Microsoft Starts Boiling The Copilot Frog
Arthur T Knackerbracket has processed the following story:
In 1968's Star Trek episode, "The Ultimate Computer," Captain Kirk had his ship used to test M5, a new computer. A copilot, if you will, for the Starship Enterprise.
Designed to more efficiently perform the jobs of the human crew, the M5 indeed did those jobs very well yet with such a terrifying lack of understanding it had to be disabled. But not before exacting a terrible price.
Last week, Microsoft 365 Copilot, a copilot, if you will, for the technology enterprise sold as performing human tasks with more efficiency, increased its prices by 5 percent, the first of many finely judged increments in the old style. Unlike the M5, it isn't in the business of physical destruction of the enemy, instead producing commercial victory with the photon torpedo of productivity and the phaser bolts of revitalized workflow.
[...] Some time back, this columnist noted the stark disparity between the hype of the metaverse in business and the stark, soulless hyper-corporate experience. Line-of-business virtual reality has two saving graces over corporateAI. It can't just appear on the desktop overnight and poke its fingers into everything involved in the daily IT experience. Thus it can't generate millions in licensing at the tick of a box. VR is losing its backers huge amounts of money that can't be disguised or avoided, but corporate AI is far more insidious.
As is the dystopia it is creating. Look at the key features by which Microsoft 365 Copilot is being sold.
Pop up its sidebar in Loop or Teams, and it can auto-summarize what has been said. It can suggest questions, auto-populate meeting agendas. Or you can give it key points in a prompt and it will auto-generate documents, presentations, and other content. It can create clip art to spruce up those documents, PowerPoints, and content.
How is this sold?

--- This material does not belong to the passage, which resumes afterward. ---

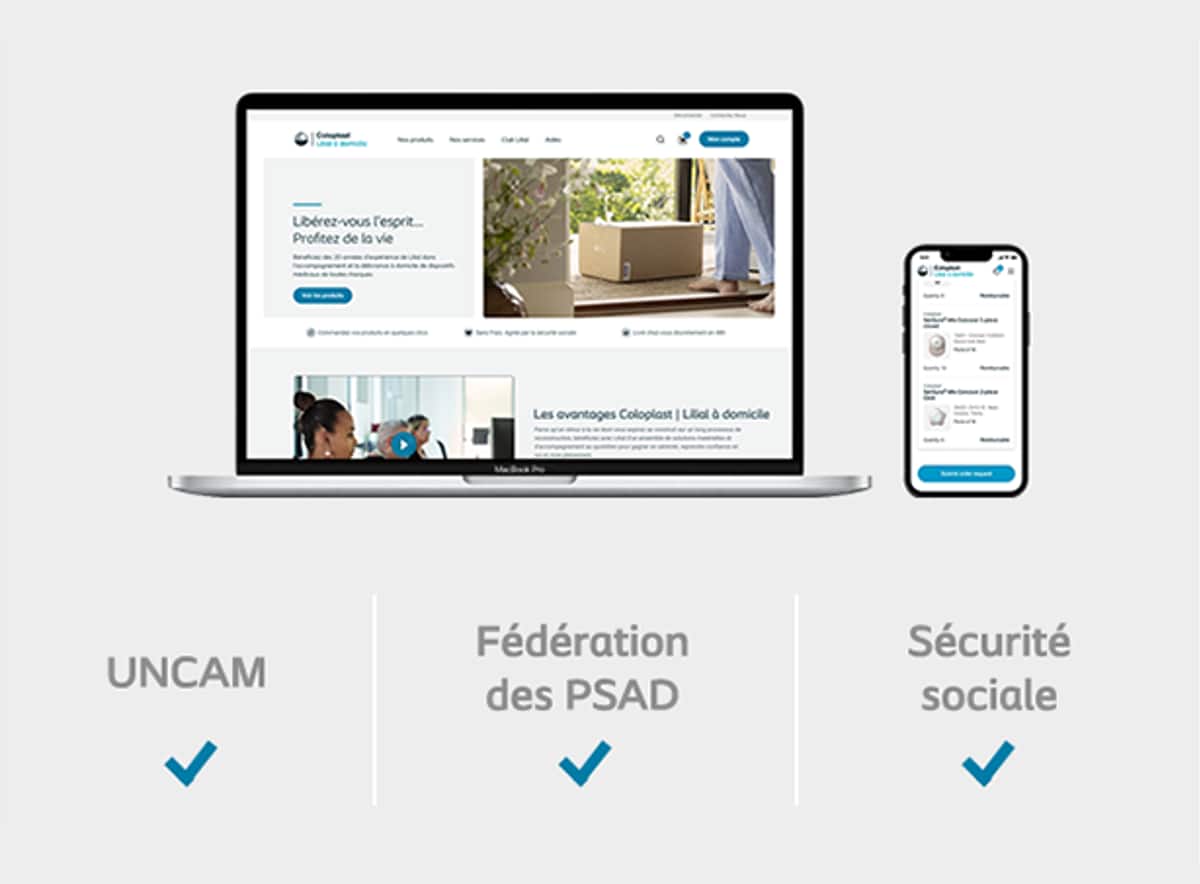 Coloplast Lilial à domicile, un prestataire agréé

That it will make you look more intelligent by asking Copilot to suggest a really good question while doing an online presentation or a Teams meeting. What's also implied but unsaid: If you're the human at the end of this AI-smart question and want to look smart enough to answer it, who are you gonna call? Copilot.
The drive is always to abdicate the dull business of gathering data and thinking about it, and communicating the results. All can be fed as prompts to the machine, and the results presented as your own.